A. Ardisson : Ces alternatives, ça peut être un rééchelonnement du calendrier des restructurations ?

N. Notat : Aujourd'hui, par rapport à la défense de l'emploi dans les secteurs menacés et plus globalement, pour ce problème de l'emploi et de la lutte contre le chômage, il y a me semble-t-il deux ou trois objectifs qui, s'ils pouvaient être mis en oeuvre, changeraient radicalement les choses. Le premier, je l'ai proposé dernièrement, c'est que je pense qu'il faut faire enfin la preuve que le chômage n'est pas une fatalité. Il faut réfléchir aux conditions Gouvernement-patronat-syndicats qui permettraient à ce que 400 000 à 500 000 personnes… Je pense surtout aux jeunes, ce n'est pas possible de laisser les jeunes éternellement sur le bord de la route. Que partenaires sociaux, Gouvernement et entreprises décident de proposer du travail à ces jeunes. Finalement, comment résoudre le chômage ? En proposant du travail aux gens, mais pas en attendant toujours que ce travail vienne de meilleurs résultats de la politique économique, de la croissance pour laquelle il faut par ailleurs tout faire. Un chômeur de moins, c'est un consommateur de plus. C'est donc du pouvoir d'achat en plus. Peut-être que la relance de l'activité, elle viendrait au moins autant par-là que par toutes les autres solutions.

A. Ardisson : C'est un rêve que tous les Gouvernements poursuivent depuis des années. Embaucher 500 000 personnes, ça ne se fait pas en claquant des doigts, ou alors il faut rendre l'embauche obligatoire.

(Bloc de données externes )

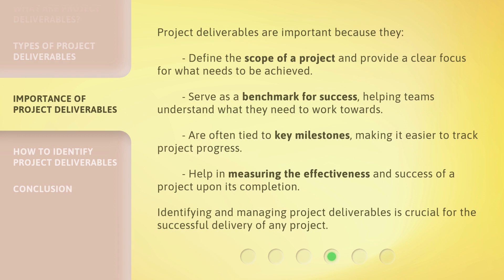Project deliverables are important because they define the scope of a project and provide a clear focus for what needs to be achieved. They serve as a benchmark for success, helping teams understand what they need to work towards. They are often tied to key milestones, making it easier to track project progress, and help in measuring the effectiveness and success of a project upon its completion. Identifying and managing project deliverables is crucial for the successful delivery of any project.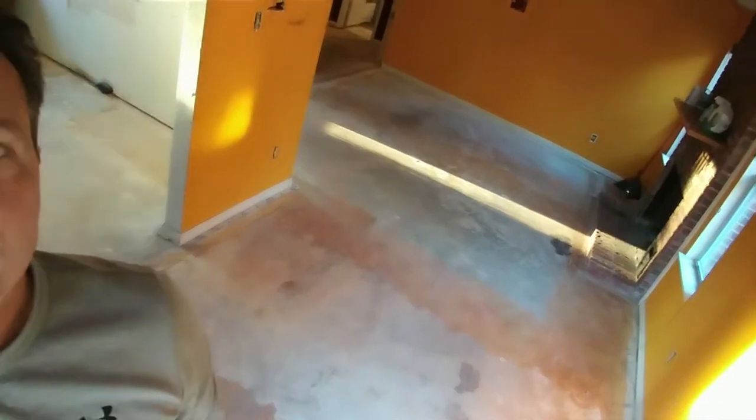Lights, cameras, action! Hey, Nick here with Kasegi Properties in Charlotte, North Carolina.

N. Notat : Comment, ça ne se fait pas en claquant des doigts ? Mais c'est une question de volonté. Vous vous rendez compte ? 500 000 jeunes rapportés au nombre d'entreprises dans ce pays, rapportés au nombre de suppressions d'emplois qui se pratiquent tous les jours dans ce pays. C'est drôle, on ne s'étonne pas du fait que c'est possible, que c'est devenu banal de supprimer les emplois. Mais c'est devenu impossible d'embaucher, ne serait-ce qu'un jeune, deux jeunes par entreprise. Mais on vit dans un pays de fous. Donc je dis aujourd'hui que si les entreprises, si le Gouvernement font un sommet social utile, on s'entend sur cet objectif et on y avance, on se fait une obligation de résultat. Là il y aura un choc psychologique qui montrera qu'on peut résoudre le problème du chômage.

A. Ardisson : Dans un récent article du Monde, vous avez surpris en prenant position pour une accélération du calendrier de la monnaie unique. On entend de plus en plus de gens dire que c'est difficile, accélérons le mouvement et faisons-la tout de suite.

N. Notat : Justement, il faut arrêter de dire que c'est difficile. C'est difficile parce que ça arrange beaucoup de gens de dire que la monnaie unique, c'est difficile. On confond la fin et les moyens. On met en avant les critères, donc ce qui fait mal – la réduction des déficits, etc. – pour oublier ce que la monnaie unique va apporter de positif. Depuis le temps qu'on en a assez d'une économie de marché non régulée où les fluctuations monétaires, les dévaluations compétitives font que ça désavantage l'économie. Mais enfin, si en Europe on pouvait avoir des pays qui, définitivement, fixent leur monnaie et leurs parités, ce serait une force de l'Europe contre les autres pays du monde. Enfin, la monnaie unique, c'est un acte politique fort avec la modernisation des institutions pour que l'Europe serve peut-être à donner un nouvel élan sur les politiques sociales et de l'emploi.